2) The blockade logic is modular

A blockade does not have to be total to be effective. If you can intermittently close routes, spook insurers, and make commercial schedules unreliable, you can impose economic and political costs fast. The drills look designed to rehearse that “partial choke” model: enough friction to hurt, not so much that it automatically triggers a full-scale military response.

3) The coast guard is not a side character

Warships are unambiguous. Coast guard ships are not. That ambiguity is the tool. Parallel navigation, standoffs, and “law enforcement” postures can create confrontation without the clear optics of naval combat. It is a classic grey-zone move: pressure without the clean threshold of war.

4) Escalation risk is not an accident—it is leverage

The more often live-fire and close-in manoeuvres happen, the greater the chance of miscalculation. But that risk also becomes leverage. If Taiwan and its partners begin to treat recurring drills as “normal”, Beijing wins room to push a little further next time—closer zones, longer durations, tighter corridors.

What Most Coverage Misses

The headline is 'Rockets'. The deeper story is logistics.

A blockade is not only a military act. It is a commercial event. The quiet power is in the knock-on effects: shipping schedules slipping, premiums rising, airlines reducing capacity, firms delaying orders, and markets pricing in uncertainty. If Beijing can make “Taiwan risk” feel routine, it can tax Taiwan’s economy and confidence without firing a shot at the island itself.

The real tell will be how China manages the corridors it leaves open. Total closure provokes unity. Selective opening divides decision-makers: some argue for defiance, others for accommodation to keep trade moving.

Why This Matters: China’s “Justice Mission 2025” drills

For Taiwan, the threat is not only invasion. It is strangulation: a sustained squeeze that forces political and economic concessions.

For the region, the stakes are precedent. If a blockade-style rehearsal becomes a repeated tool that pays off, it becomes a model others may copy elsewhere.

For the world, it is about the routes. Taiwan sits near critical maritime and aviation lanes. Disruption here does not stay local.

Real-World Impact

A flight operations manager watches routes compress into narrow corridors and starts cancelling marginal services to avoid risk and cost.

A shipping broker sees uncertainty creep into bookings: not because ships cannot sail, but because clients cannot trust arrival dates.

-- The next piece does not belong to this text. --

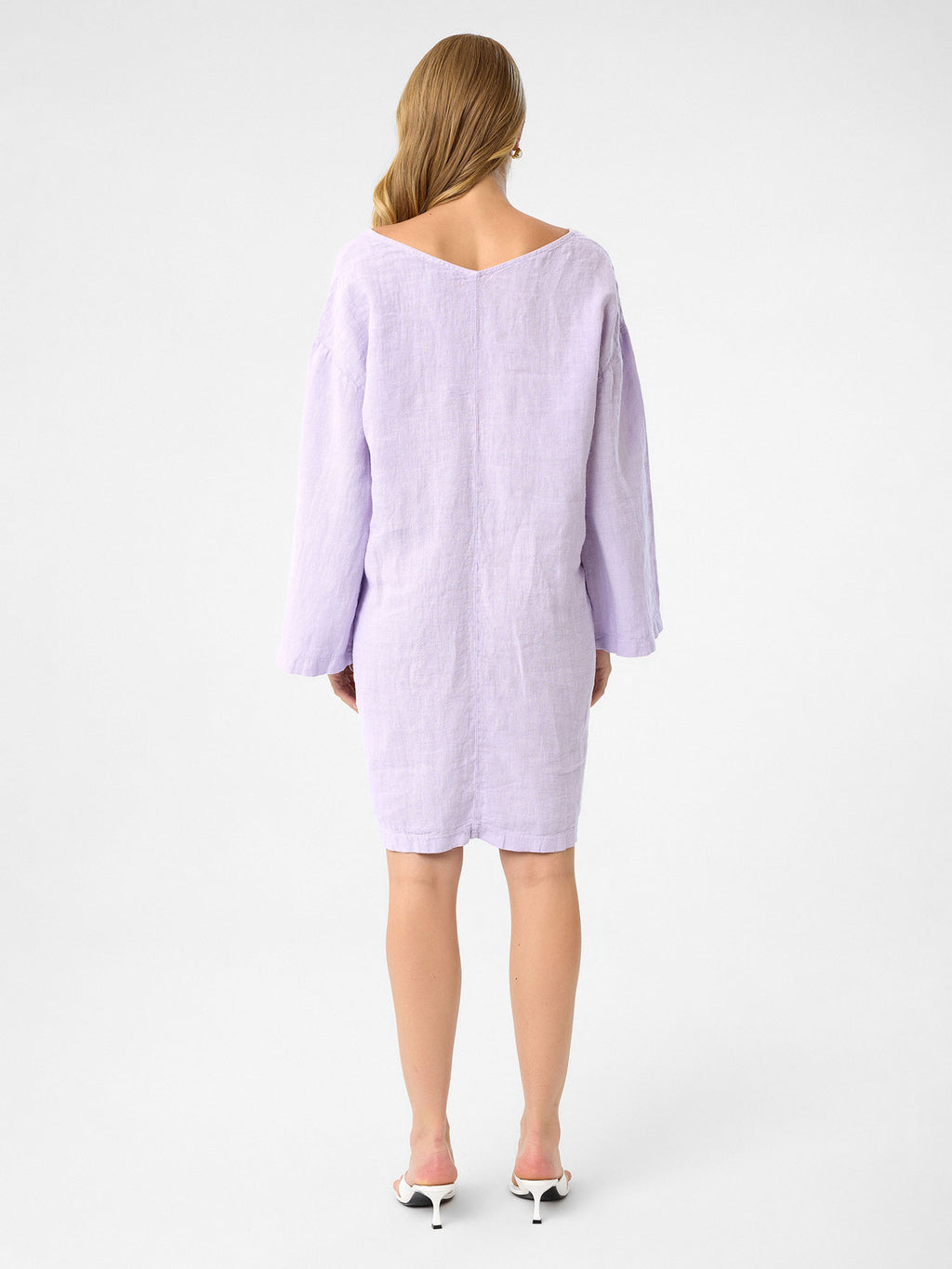 Kleid mit V-Ausschnitt in Lilac
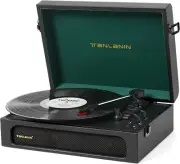 Vinyl Record Player with Built-in Speakers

A family on an offshore island finds travel suddenly blocked, not by a battle, but by “temporary” restrictions that feel like a switch being tested.

A procurement lead in Europe delays a high-value electronics order because the delivery window now carries a political risk premium.

The Road Ahead

China’s near-term objective looks straightforward: prove it can box Taiwan in quickly, and do it in a way that complicates outside support.

The decisive question is whether this becomes a repeat cycle: drill, disrupt, normalise—then return with slightly sharper edges.

Concrete signals to watch next include:

  • whether China fires missiles over Taiwan (not just into surrounding waters),

  • whether live-fire zones expand or persist beyond the announced window,

  • whether port-access scenarios and coast guard enforcement become more aggressive,

  • and whether commercial disruption (routes, cancellations, insurance) becomes the primary pressure mechanism rather than military spectacle.